Part Number: DAC80004

Hello, everyone. The confusion is as follows. If we use a 3.0V reference as the full-scale voltage, then 1LSB is about 3/(2^16-1)=46uV. If we want to guarantee the 16bits resolution we should make the total output peak-peak noise is much smaller than 1/2*LSB which is 23uVpp. So it means the total rms noise should be smaller than 1/3*1/6*1/2*LSB=1.3uVrms. The datasheet of dac says its broadband noise is 55nV/rtHz at 10KHz. Let's assume it to be 50nV/rtHz and ignore the 1/f noise. Now we have BW=(1.3uV/(50nV/rtHz))^2=676Hz as the noise bandwidth, which means the signal bandwidth should be below 676Hz to  guarantee the resolution. The conclusion seems confusing to me and i'm not quite sure the above analysis is correct or not. Can anyone help to tell how to understand it?

  • Hi Xueliang,

    Thank you for your query. I am not able to understand why you have done 1/3*1/6*1/2. The peak-2-peak to rms conversion is 1/6. That means, to limit the noise below 1/2LSB i.e. 23uVpp or (23uVpp/6 = 3.8uVrms), you need a BW of (3.8uVrms/55nV)^2 = 4.7kHz.

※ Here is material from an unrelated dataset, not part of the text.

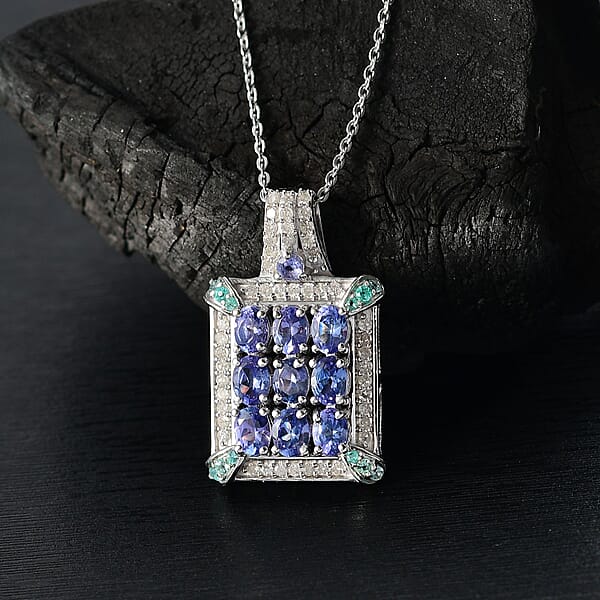 Shop Lc D'Joy Premium Tanzanite Paraiba Tourmaline And Diamond 2.00 Ctw 9 Planet Pendant Necklace In Rhodium Over Sterling Silver 20 Inches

    However, this is the worst case calculation. It will purely depend on the application about how the noise impacts the final output.

    Hope that answers your question.

    You can go through some TI precision lab training on noise calculations:

    training.ti.com/.../1313 - Noise 3 - slides.pdf

    Regards,
    Uttam Sahu
    Applications Engineer, Precision DACs
  • Hi Uttam,

    Thanks for your reply. The factor 1/3 comes from my misunderstanding of this: when rms-adding two unrelated noise sources if noise-a is less than 1/3 of noise-b then we can ignore the effect of noise-a. So I made it into the calculation. It's a mistake. : )

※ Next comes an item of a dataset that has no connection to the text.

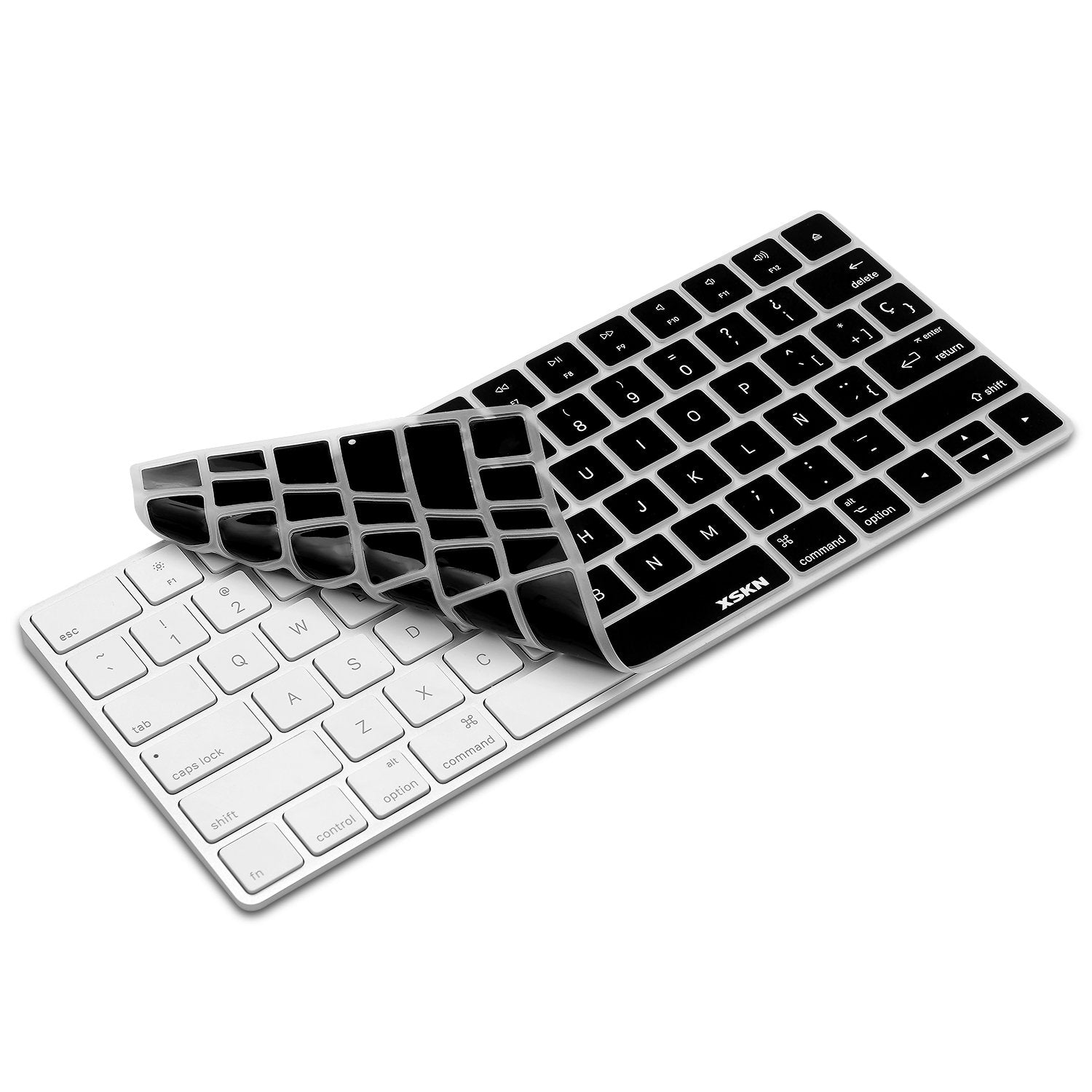 Xskn Spanish Language Ultra Thin Silicone Keyboard Skin Cover For A1644 Magic Keyboard 2015 Version Us Layout (Black)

    But, I'm not quite clear about your words "the worst case". Do you mean that in actual application the result of above estimation will be higher then 4.7KHz, e.g. 5.9KHz or 7.2KHz?

    Can you say something more about this? How will this happen and if it does happen how much increase will the result be? Does an order of magnitude, i.e. 47KHz, seem reasonable?

  • Hi Xueliang,

    By worst case, I meant that we are calculating the noise figure considering it never goes beyond 1/2 LSB. Many applications may not be so sensitive to the peak-to-peak thermal noise. Hence, you may get an advantage in the bandwidth. May I ask what is your application?

    Regards,
    Uttam
  • Hi Uttam,
    The application is to drive a piezo stack to generate displacement, and I think the displacement resolution is determined by the peak-peak noise. Is that right?
  • Hi Xueliang,

    Is the displacement control in closed-loop or open-loop? In open-loop, the peak-to-peak noise will matter. But in closed-loop, it won't.

    Regards,
    Uttam
  • Hi Uttam,

    In my opinion the peak-to-peak noise will also matter in a closed-loop control system. Assume that the displacement resolution which is determined by peak-to-peak noise is of 10 units, the wanted displacement accuracy is of 5 units, and there is a sensor with accuracy&resolution of 1 unit. In closed-loop control, the sensor can always find out the error between the objective position and the current position, but the actuator with inadequate resolution will step over the target and maybe the system will never settle.

    Regards,

    Xueliang

  • You can consider peak-to-peak, in that case.

    Hope that resolves your issue.

    Regards,
    Uttam
  • Hi Uttam,

    Yes, you had helped a lot.

    So, in that case, I dave to limit the bandwidth of DAC output signal within about 4.7kHz to guarantee the its resolution.

    Regards,

    Xueliang